The Washington State Supreme Court ruled unanimously August 7 that the state must halt its practice of holding people in need of psychiatric treatment in hospital emergency rooms as a means of avoiding overcrowding in psychiatric facilities.
“The government would have you believe there are only two options – leave people with mental illness on the street with no treatment or lock them in a local emergency room with no treatment,” said Emily Cooper, staff attorney with Disability Rights Washington, in a news release. “That simply isn’t true. Consistent with public safety concerns, the law requires that when someone is detained in order to deliver treatment, adequate treatment must be delivered.”
Under the state Involuntary Treatment Act, enacted in 1979, counties have the authority to briefly detain a person with a mental disability in a certified “evaluation and treatment center,” if that person “presents an imminent likelihood of serious harm, or is in imminent danger because of being gravely disabled.”

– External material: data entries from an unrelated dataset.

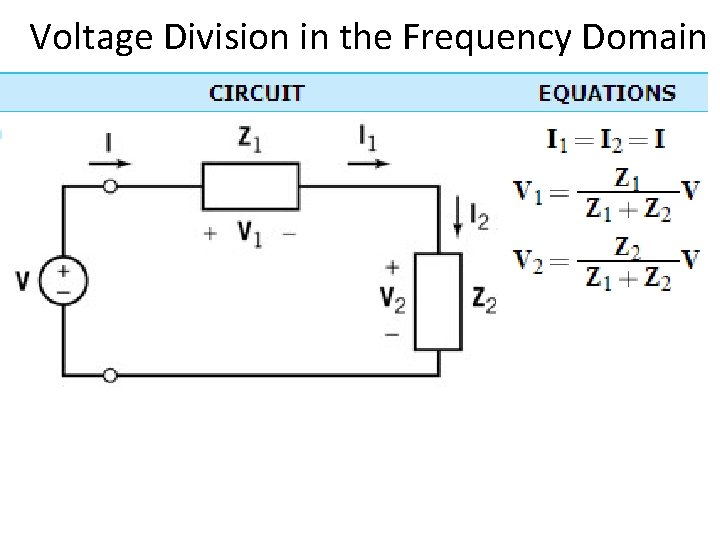  Voltage Division in the Frequency Domain 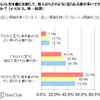 実年齢と比較して、どのように見られることが多いですか？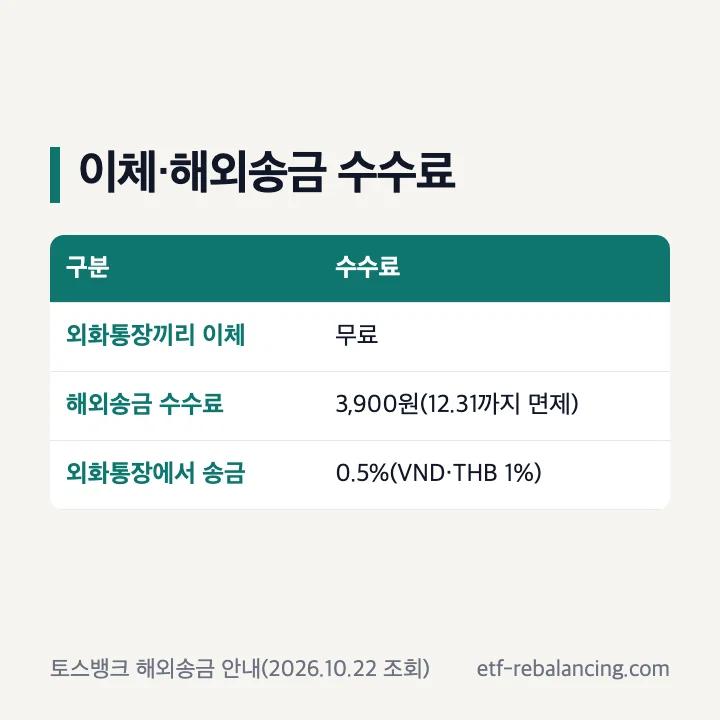 토스 외화통장 이체·해외송금 수수료: 외화통장끼리 무료, 해외송금 3,900원 12월 31일까지 면제, 외화통장 출금 송금 0.5%(VND·THB 1%)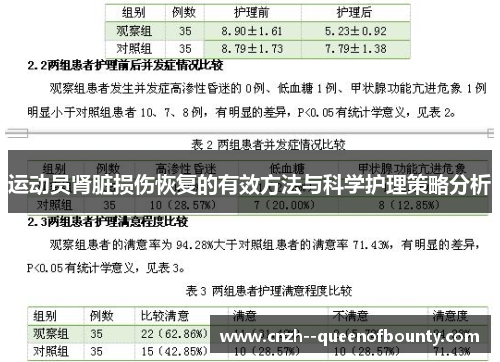 运动员肾脏损伤恢复的有效方法与科学护理策略分析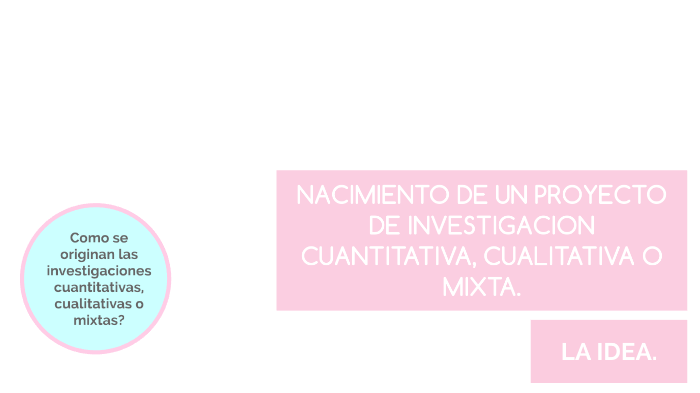 MAPA MENTAL by Rubí Esmeralda Martinez on Prezi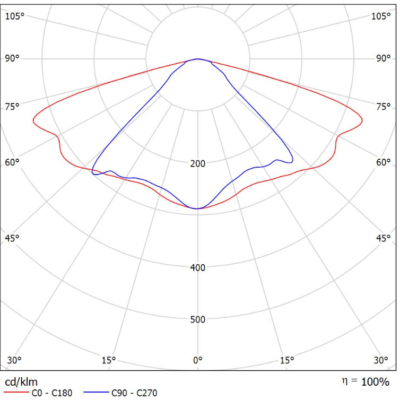 Polaris_Light-Distribution_Image_01_Middle (A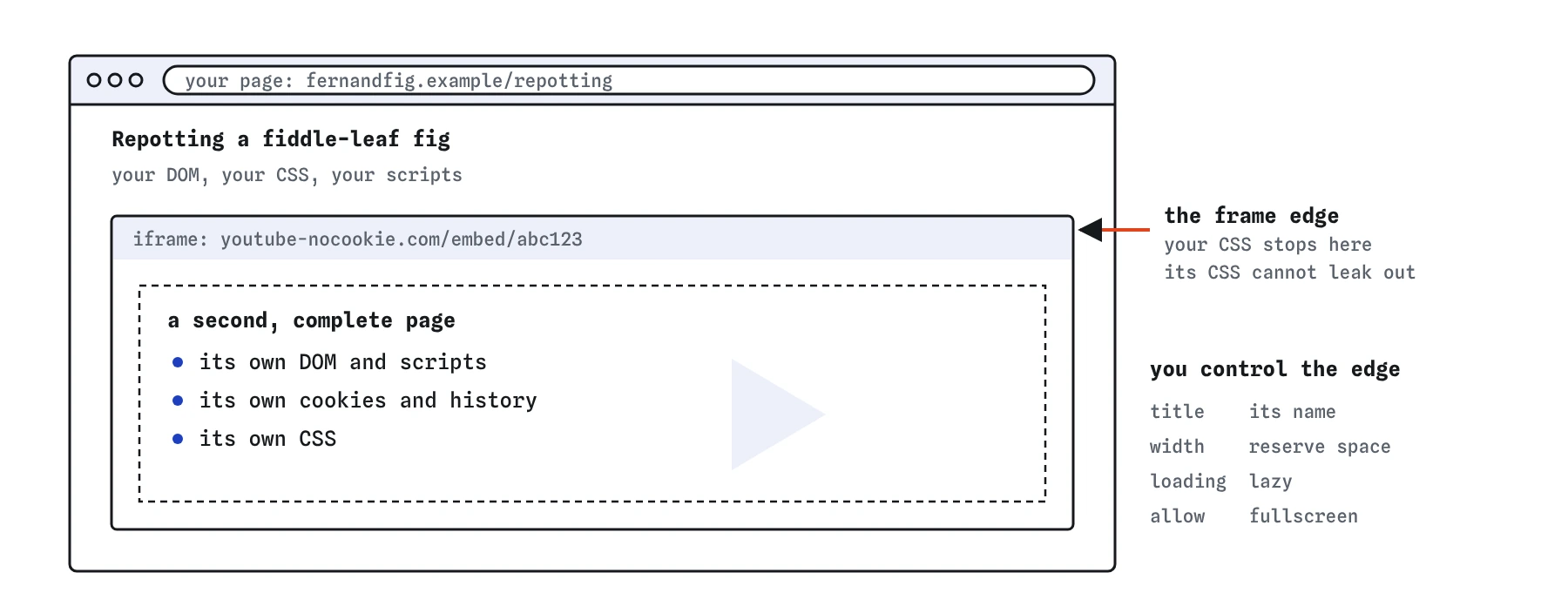 A page about repotting a fiddle-leaf fig with an iframe inside it showing a video page. The frame is a second complete page with its own DOM, scripts, cookies and CSS; your CSS stops at the frame edge.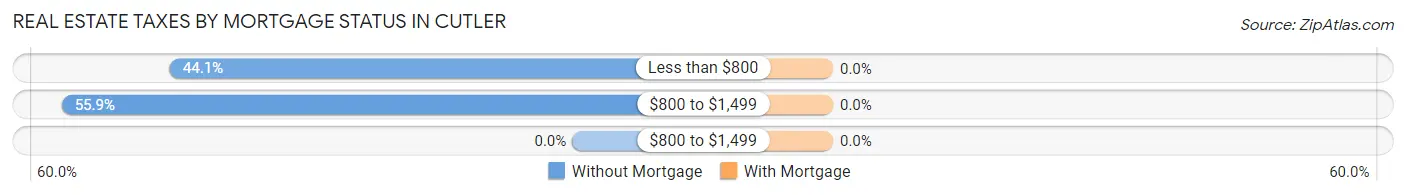 Real Estate Taxes by Mortgage Status in Cutler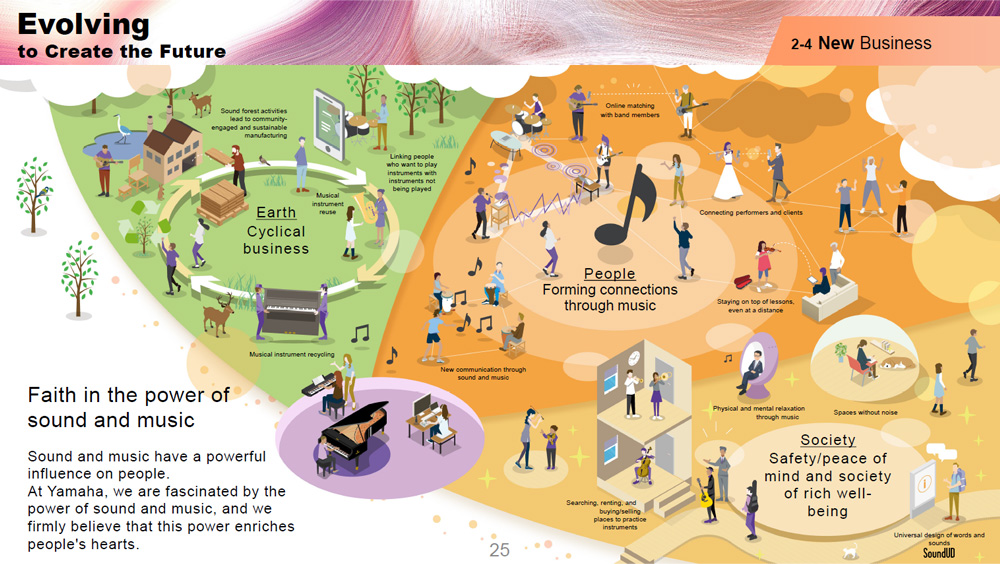 [Diagram] A page from Yamaha Corporation’s Medium-Term Management Plan titled “Taking on Challenges to Create the Future.” Focused on the three key themes of “People,” “Society,” and “Earth,” and aimed at evolving the business itself.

Due to overcrowding in these centers, the state has developed a practice where it grants counties “single bed certifications,” allowing them to temporarily detain patients in other facilities, such as “hospitals and acute care centers,” where they receive emergency treatment, but not the individualized, psychiatric treatment required by the ITA. Critics have dubbed this practice “psychiatric boarding.”
From 2007 to 2013, the number of “single bed certifications” spiked from 1,221 to 3,412, according to a Seattle Times editorial.
The lawsuit was brought by 10 patients, each of whom was detained in non-certified facilities in 2013 by Pierce County, south of Seattle. Pursuant to the ITA, the County petitioned to the state for “single-bed certifications” to hold these patients for an additional 14 days.
The 10 patients were challenging their detentions. The trial judge ruled in their favor, prompting an appeal to the state Supreme Court.
In a 12-page ruling, the state Supreme Court disagreed with the state’s interpretation of when it can authorize single-bed certifications.
As described by the Court, single-bed certifications can only operate as an exception to the rule that patients be treated in certificated “evaluation and treatment centers” when “a properly qualified agent of the mental health division determines that there is either a medical justification for involuntarily detaining a patient outside a certified facility or that the single bed certification would facilitate continuity of care.”
In other words, the ITA does not allow the state to use single-board certifications as a way to compensate for its failure to provide an appropriate number of psychiatric beds.
“By its plain terms, this rule does not authorize a single bed certification merely because there is no room at certified facilities with which the county already has a contractual relationship,” the Court wrote in the opinion.
Disability advocates hope that the state decision will push the state to provide the necessary services to avoid overcrowding in psychiatric facilities.
“The Court rightly recognized that when the government deprives someone of their liberty, the government’s failure to provide adequate funding does not allow it to violate the law and constitutional rights,” said Jennifer Shaw, deputy director of the ACLU-WA, in the news release.
Disability Rights Washington, the publisher of this DisAbility Galaxy website, is part of the federally funded protection and advocacy system and a member of the National Disability Rights Network.